Under a previously approved reorganization, on closing of the offering, TSX Group Inc. will become the holding company of TSX Inc. and related companies and the current shareholders of TSX Inc. will receive shares of TSX Group Inc. The total net proceeds of the offering (including any proceeds realized on exercise of the over-allotment option) will be paid to shareholders of TSX Inc. who have chosen to sell some or all of the shares of TSX Group Inc. they receive to an affiliate of TSX Group Inc. in connection with the offering process.
Scotia Capital Inc. and Goldman Sachs Canada Inc. are serving as joint book runners for the underwriting group.
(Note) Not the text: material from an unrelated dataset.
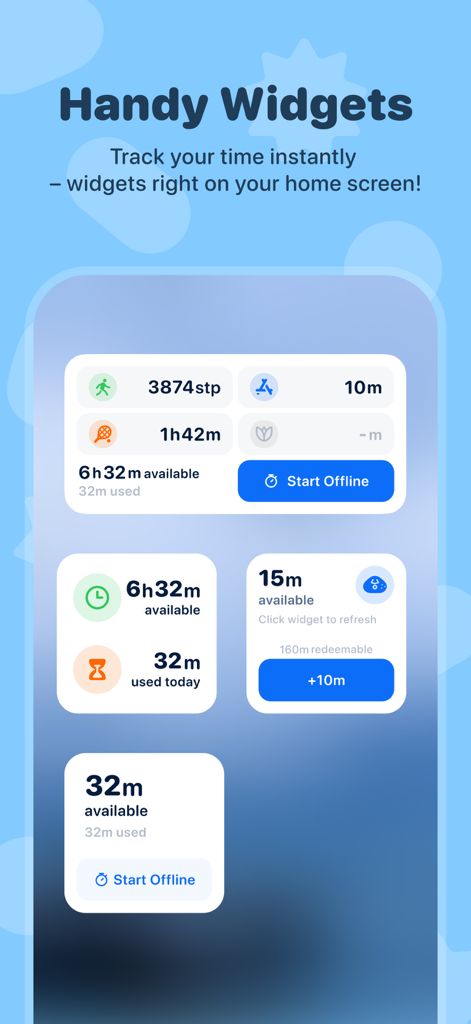WillStone mobile app widgets for home screen showing available screen time and activity progress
Other members of the underwriting syndicate are BMO Nesbitt Burns Inc., CIBC World Markets Inc., National Bank Financial Inc., RBC Dominion Securities Inc., TD Securities Inc., Merrill Lynch Canada Inc., Canaccord Capital Corporation, Dundee Securities Corporation, Griffiths McBurney & Partners, Raymond James Ltd. and Yorkton Securities Inc.
TSX Group Inc. has received conditional approval for the listing of its common shares on the Toronto Stock Exchange under the symbol "X", subject to TSX Group fulfilling all of the requirements of the Toronto Stock Exchange.
A copy of the final supplemented prospectus relating to the offering may be obtained from Scotia Capital Inc. or Goldman Sachs Canada Inc.